Miami, FL. – The jury of the contest “Cuba and Venezuela”, convened by the Cuban Observatory of Conflicts and the Apretaste! application, awarded the first prize of $300 dollars to the young Barbara D. Ramírez from Cuba’s Mayabeque province.
The contest, open to Cuban residents on the island, consisted of explaining how a democratic change in Venezuela could affect their country, their neighborhoods and themselves at a personal level.
Practically all the participants agreed that in Cuba a new “special period would begin, even if the government might baptize it with another name”. They refer to the “Special Period during peacetime,” a long season of economic crisis that officially began in 1991, after the collapse of the Soviet Union.
It was evident that most participants were afraid of electric power blackouts, the deterioration of transport and the food supplies.
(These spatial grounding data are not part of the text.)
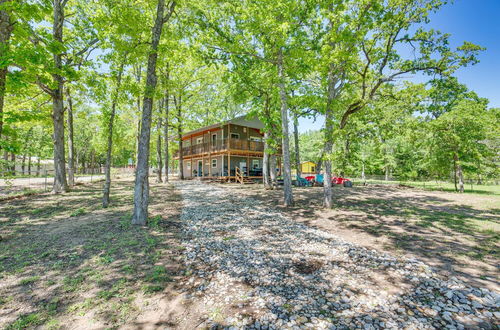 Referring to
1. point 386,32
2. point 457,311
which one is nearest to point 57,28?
point 386,32

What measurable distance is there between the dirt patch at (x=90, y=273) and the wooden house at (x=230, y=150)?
15325 millimetres

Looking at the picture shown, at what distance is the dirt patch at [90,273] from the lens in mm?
3062

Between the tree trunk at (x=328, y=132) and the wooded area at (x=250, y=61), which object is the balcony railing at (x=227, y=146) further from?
the tree trunk at (x=328, y=132)

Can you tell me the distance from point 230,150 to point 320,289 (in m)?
18.7

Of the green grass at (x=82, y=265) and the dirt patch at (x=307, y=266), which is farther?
the dirt patch at (x=307, y=266)

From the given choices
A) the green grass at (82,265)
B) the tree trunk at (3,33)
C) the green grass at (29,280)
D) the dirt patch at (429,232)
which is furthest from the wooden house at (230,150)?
the green grass at (29,280)

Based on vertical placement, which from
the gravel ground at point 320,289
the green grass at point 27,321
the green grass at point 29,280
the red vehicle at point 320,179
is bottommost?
the gravel ground at point 320,289

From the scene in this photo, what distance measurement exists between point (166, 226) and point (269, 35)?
30.5ft

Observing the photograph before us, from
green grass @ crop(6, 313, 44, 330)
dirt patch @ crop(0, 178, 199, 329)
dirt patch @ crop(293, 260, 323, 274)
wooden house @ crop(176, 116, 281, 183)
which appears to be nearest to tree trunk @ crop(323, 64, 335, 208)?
dirt patch @ crop(293, 260, 323, 274)

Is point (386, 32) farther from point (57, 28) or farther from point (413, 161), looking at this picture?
point (413, 161)

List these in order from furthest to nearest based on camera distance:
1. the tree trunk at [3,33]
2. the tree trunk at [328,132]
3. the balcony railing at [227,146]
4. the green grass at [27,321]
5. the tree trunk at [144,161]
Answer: the balcony railing at [227,146], the tree trunk at [328,132], the tree trunk at [144,161], the tree trunk at [3,33], the green grass at [27,321]

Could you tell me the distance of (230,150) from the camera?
2178 cm

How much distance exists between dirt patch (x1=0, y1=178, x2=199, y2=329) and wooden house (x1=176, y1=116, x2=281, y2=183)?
15325 mm

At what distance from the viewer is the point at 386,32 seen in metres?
8.98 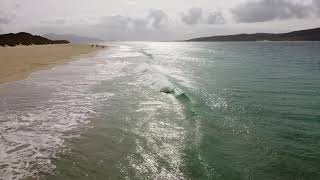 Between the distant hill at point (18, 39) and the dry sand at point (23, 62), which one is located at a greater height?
the distant hill at point (18, 39)

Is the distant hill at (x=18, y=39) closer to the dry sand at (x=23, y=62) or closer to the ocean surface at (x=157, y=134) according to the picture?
the dry sand at (x=23, y=62)

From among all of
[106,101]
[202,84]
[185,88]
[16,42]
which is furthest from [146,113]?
[16,42]

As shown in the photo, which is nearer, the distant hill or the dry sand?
the dry sand

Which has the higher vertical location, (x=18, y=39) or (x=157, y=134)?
(x=18, y=39)

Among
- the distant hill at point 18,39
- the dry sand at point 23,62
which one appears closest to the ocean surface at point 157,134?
the dry sand at point 23,62

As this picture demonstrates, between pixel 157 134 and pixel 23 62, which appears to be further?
pixel 23 62

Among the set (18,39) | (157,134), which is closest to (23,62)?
(157,134)

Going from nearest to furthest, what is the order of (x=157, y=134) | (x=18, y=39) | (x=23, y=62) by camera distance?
(x=157, y=134) → (x=23, y=62) → (x=18, y=39)

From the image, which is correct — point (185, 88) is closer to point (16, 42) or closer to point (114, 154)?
point (114, 154)

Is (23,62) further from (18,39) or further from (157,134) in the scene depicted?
(18,39)

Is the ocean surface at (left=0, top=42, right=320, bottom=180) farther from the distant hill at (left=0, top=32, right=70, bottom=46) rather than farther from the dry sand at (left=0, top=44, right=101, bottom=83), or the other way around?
the distant hill at (left=0, top=32, right=70, bottom=46)

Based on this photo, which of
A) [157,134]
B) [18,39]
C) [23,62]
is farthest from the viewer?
[18,39]

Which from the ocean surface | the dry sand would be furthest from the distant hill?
the ocean surface

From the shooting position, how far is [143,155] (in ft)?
29.6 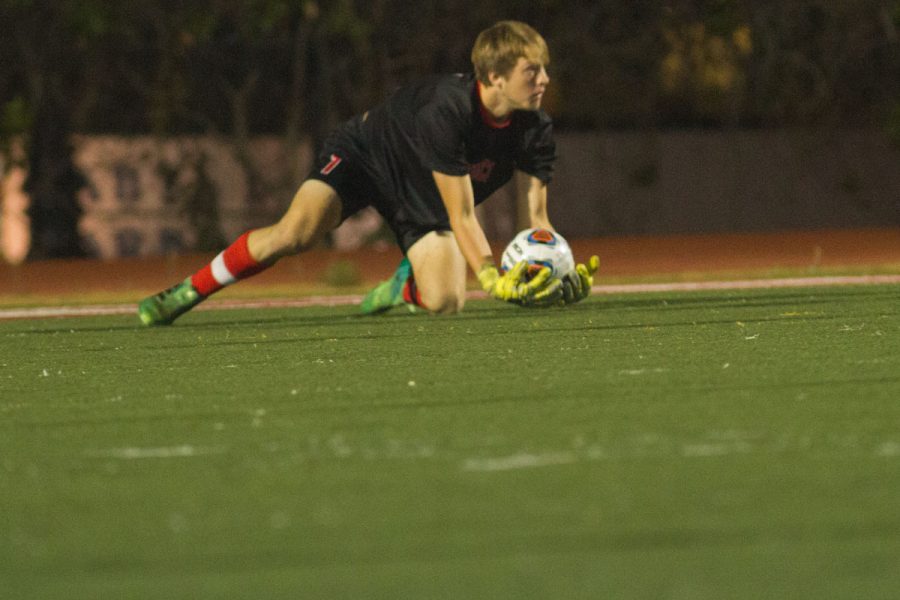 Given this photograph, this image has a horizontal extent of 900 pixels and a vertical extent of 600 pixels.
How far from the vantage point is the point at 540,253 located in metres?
8.52

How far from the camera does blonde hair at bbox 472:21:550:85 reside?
28.3 ft

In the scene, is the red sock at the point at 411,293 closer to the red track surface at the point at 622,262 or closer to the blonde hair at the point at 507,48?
the blonde hair at the point at 507,48

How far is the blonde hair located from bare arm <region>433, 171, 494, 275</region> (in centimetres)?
61

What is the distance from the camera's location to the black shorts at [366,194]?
32.7 feet

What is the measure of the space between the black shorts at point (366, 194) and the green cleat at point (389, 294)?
0.33 metres

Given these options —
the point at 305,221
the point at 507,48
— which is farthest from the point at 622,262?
the point at 507,48

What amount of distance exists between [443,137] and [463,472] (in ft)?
14.3

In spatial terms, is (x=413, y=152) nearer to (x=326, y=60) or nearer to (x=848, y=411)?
(x=848, y=411)

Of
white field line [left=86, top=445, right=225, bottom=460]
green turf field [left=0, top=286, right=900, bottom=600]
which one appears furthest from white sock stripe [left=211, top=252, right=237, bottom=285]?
white field line [left=86, top=445, right=225, bottom=460]

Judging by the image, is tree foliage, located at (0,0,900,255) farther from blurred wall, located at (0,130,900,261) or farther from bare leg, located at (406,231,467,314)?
bare leg, located at (406,231,467,314)

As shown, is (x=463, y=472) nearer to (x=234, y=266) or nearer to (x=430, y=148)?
(x=430, y=148)

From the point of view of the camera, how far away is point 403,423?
5855mm

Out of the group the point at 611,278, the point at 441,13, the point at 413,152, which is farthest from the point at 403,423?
the point at 441,13

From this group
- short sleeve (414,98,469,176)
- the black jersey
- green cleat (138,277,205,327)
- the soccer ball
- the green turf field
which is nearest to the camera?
the green turf field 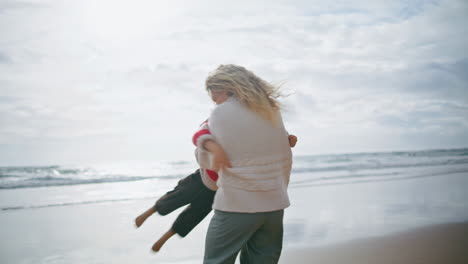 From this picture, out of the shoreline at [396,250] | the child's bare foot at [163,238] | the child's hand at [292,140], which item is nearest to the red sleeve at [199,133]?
the child's hand at [292,140]

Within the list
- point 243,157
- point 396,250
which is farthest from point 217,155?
point 396,250

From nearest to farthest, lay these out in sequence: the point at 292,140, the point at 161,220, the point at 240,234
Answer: the point at 240,234, the point at 292,140, the point at 161,220

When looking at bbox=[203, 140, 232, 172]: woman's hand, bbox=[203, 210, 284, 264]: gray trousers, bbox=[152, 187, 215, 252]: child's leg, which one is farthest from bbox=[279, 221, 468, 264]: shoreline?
bbox=[203, 140, 232, 172]: woman's hand

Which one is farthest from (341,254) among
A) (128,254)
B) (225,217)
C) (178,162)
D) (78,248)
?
(178,162)

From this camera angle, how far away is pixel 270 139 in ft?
6.81

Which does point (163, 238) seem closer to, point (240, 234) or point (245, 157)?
point (240, 234)

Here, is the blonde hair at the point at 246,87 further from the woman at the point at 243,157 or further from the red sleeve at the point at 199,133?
the red sleeve at the point at 199,133

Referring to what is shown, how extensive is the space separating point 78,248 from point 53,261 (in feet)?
1.56

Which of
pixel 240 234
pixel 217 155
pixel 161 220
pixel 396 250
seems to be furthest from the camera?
pixel 161 220

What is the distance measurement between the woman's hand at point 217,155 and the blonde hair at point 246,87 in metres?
0.27

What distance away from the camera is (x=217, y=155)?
78.3 inches

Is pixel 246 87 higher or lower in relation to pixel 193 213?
higher

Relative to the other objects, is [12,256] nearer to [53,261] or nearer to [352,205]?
[53,261]

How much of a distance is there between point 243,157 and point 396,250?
333 cm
The youngest ones narrated the sad stories of hardships that their parents and grandparents told them.
Disenchantment with socialism is evident: “Socialism promises wealth but only delivers poverty,” said a 22-year-old young man from Camagüey. Others categorized Cuba’s system as “unsustainable”.
Many participants, however, agreed that although a terrible economic crisis might affect the island, there would be a hope for democratic change, although they believe that “those clinging to power in Cuba are not going to give it away easily.”
In that sense, Barbara, the young winner said: “I am a woman, I am a mother, but above all things I am a human being. The oppression I have endured in my 28 years of life has not succeeded in killing my concepts about what is good or bad and what is terrible. So without any fear of being mistaken, for the pain of Venezuela, for the freedom of Cuba, for a better and dignified future for my little one, I pray to God that the Dictator of Caracas fall, that the usurper of Miraflores pays for all his crimes and that JUSTICE finally arrives , even if my plate of food depends on it, I say to Maduro : …… get out of Venezuela, you bastard! “.
As evidenced by a majority of the participants, there is a huge difference on information supply between Cuba´s official media and the social networks. Only 5% qualified Guaidó’s presidency as a coup d’etat and said they would be willing to “fight to defend the Venezuelan people.” However, those participants who follow the social networks referred to Venezuela as a “Narco-State” and a” Cuban colony”. Many considered that Cuba is responsible for the misery and violence going on in Venezuela.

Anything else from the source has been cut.